The damaged ozone layer of Earth has caused serious concerns from the international community. In Vienna in 1985 the Vienna Convention for the Protection of the Ozone Layer was formulated and then on September 16, 1987 in Montreal, Canada the Montreal Protocol on Substances that Deplete the Ozone Layer was adopted which came into effect on January 1, 1989. In June 1991, China formally proposed to join in the revised Montreal Protocol.

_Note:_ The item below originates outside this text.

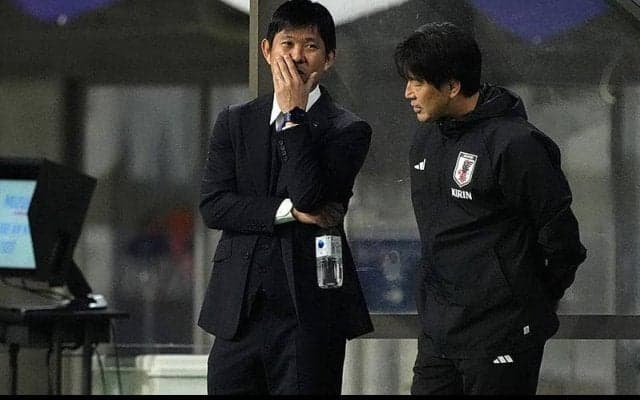 森保一監督、5試合連続4得点以上の快勝に「なかなか出せる結果ではない」、選手と共にコーチ陣の働きを称賛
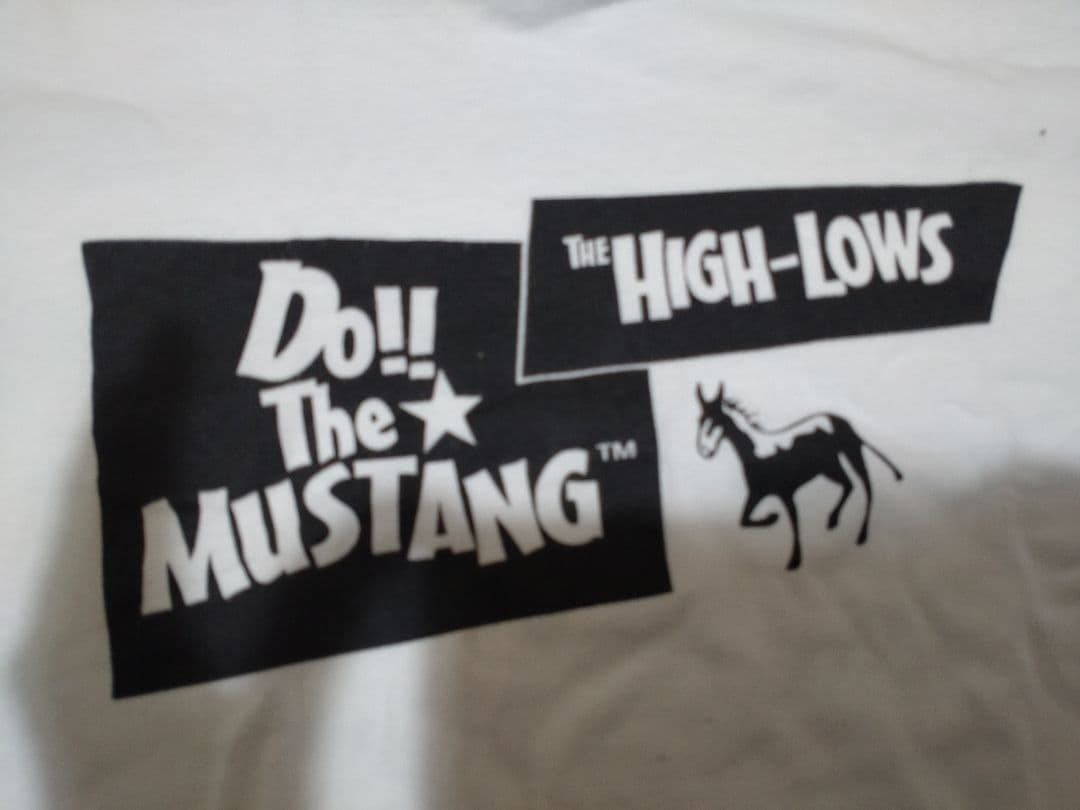 非売品ザ・ハイロウズDo!The MUSTANG Tシャツ FM802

R22, the widely used refrigerant for medium-size and small-size refrigerators has been listed as control item and is used less and less gradually which will be abandoned in 2030. In order to adapt the control measures, world wide air conditioner manufacturers and refrigerant plants are thrown themselves into the R&D of substitutes of R22. It is an urgent task for this industry to find new CFC-free refrigerants replacing R22 which is considered as an excellent refrigerant originally.

 

 

New Trend of CFC-free Refrigerants

The substitution of R22 should focus on: reducing ozone depletion index and risks of the refrigerant (such as flammability and toxicity); mixing the refrigerants of high security and fatality to make the concentration of the mixture below the dangerous level; the substitute should have similar thermodynamic properties (such as operating pressure and energy efficiency) to R22 refrigerant so as to replace it rapidly and conveniently.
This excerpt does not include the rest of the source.